FORT WORTH, Texas—On a productivity basis, Tier 1 Delaware Basin Wolfcamp wells are outperforming Tier 1 Midland Basin Wolfcamp wells, adjusted for lateral length, according to Matt Portillo, managing director of E&P researchat Tudor, Pickering, Holt & Co. Inc.

“This is purely on production performance,” Portillo told attendees of Hart Energy’s recent DUG Permian Basin conference. “There is a difference in cost.”

Meanwhile, the Permian Basin’s core acreage is tending to outperform the core of the Eagle Ford and Bakken. “And we continue to think the rates of return will continue to improve throughout the Permian as a whole,” he said.

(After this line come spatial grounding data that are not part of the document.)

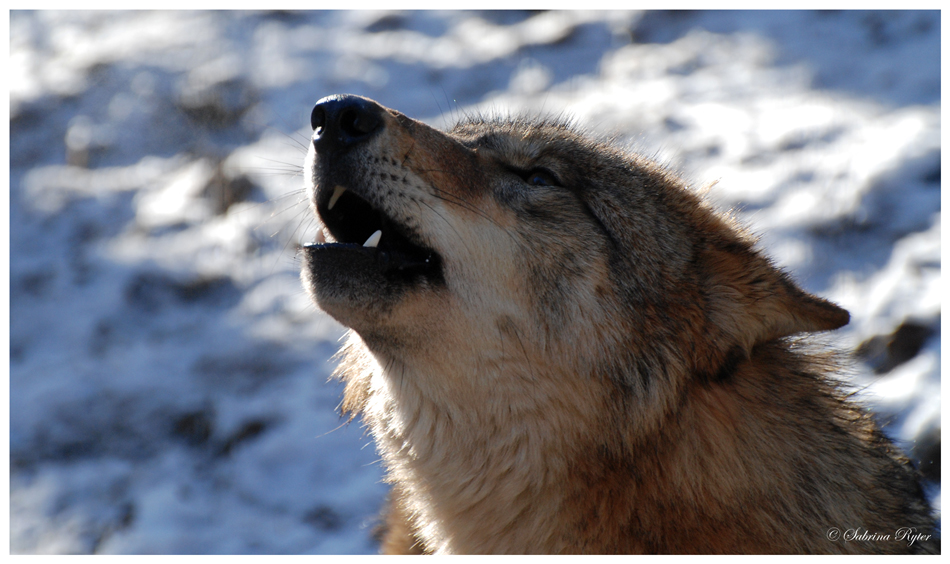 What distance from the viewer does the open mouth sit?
86.7 inches

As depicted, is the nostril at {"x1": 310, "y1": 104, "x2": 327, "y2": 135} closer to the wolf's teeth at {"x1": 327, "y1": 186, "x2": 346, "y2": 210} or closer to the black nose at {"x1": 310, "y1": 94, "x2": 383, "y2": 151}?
the black nose at {"x1": 310, "y1": 94, "x2": 383, "y2": 151}

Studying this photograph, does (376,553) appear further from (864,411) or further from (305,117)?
(305,117)

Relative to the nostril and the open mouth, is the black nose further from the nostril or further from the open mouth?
the open mouth

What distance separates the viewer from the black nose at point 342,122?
2.22m

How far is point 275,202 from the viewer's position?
520 centimetres

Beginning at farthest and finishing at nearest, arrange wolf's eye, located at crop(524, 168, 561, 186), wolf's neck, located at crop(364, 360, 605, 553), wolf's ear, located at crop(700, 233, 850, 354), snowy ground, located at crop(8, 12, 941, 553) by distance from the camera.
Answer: snowy ground, located at crop(8, 12, 941, 553) → wolf's eye, located at crop(524, 168, 561, 186) → wolf's neck, located at crop(364, 360, 605, 553) → wolf's ear, located at crop(700, 233, 850, 354)

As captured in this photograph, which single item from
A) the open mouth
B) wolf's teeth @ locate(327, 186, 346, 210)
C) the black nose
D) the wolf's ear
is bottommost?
the wolf's ear

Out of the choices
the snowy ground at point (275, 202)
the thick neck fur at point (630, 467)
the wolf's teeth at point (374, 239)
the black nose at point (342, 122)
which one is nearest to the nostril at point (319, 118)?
the black nose at point (342, 122)

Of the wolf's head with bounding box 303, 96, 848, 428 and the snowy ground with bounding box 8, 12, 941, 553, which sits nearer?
the wolf's head with bounding box 303, 96, 848, 428

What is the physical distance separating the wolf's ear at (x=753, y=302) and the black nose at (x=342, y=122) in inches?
47.8

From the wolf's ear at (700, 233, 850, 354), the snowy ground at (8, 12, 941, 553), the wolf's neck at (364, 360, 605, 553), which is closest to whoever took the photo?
the wolf's ear at (700, 233, 850, 354)

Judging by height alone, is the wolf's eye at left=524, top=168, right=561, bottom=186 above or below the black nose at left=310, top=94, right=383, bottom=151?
below

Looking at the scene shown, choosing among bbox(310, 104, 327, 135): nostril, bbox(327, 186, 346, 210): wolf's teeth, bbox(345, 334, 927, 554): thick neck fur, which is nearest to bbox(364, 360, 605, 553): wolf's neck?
bbox(345, 334, 927, 554): thick neck fur

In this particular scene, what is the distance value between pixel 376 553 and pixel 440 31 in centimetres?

Reduced drilling time to fewer than 15 days could save operators about $500,000 per well. Moving to pad development could knock out another $500,000 per well, he added.

Currently, Delaware and Midland breakeven economics are roughly 10% to 15% lower than in other popular oil basins.

“In thinking about where the market is likely to go, we continue to believe the core of both the Delaware and Midland basins will see the greatest acceleration of drilling activity than any of the three main big oil basins in the U.S.” The Delaware, in particular, “will drive a higher and faster rig count acceleration than the rig market currently expects,” Portillo said.

About 130 rigs were at work in the Permian. Portillo estimated that there is potential for twice as many in the next 18 months.

Jessica Pair, upstream manager for Stratas Advisors, said, “there is so much to learn from this basin as it continues to outshine expectations we previously had.”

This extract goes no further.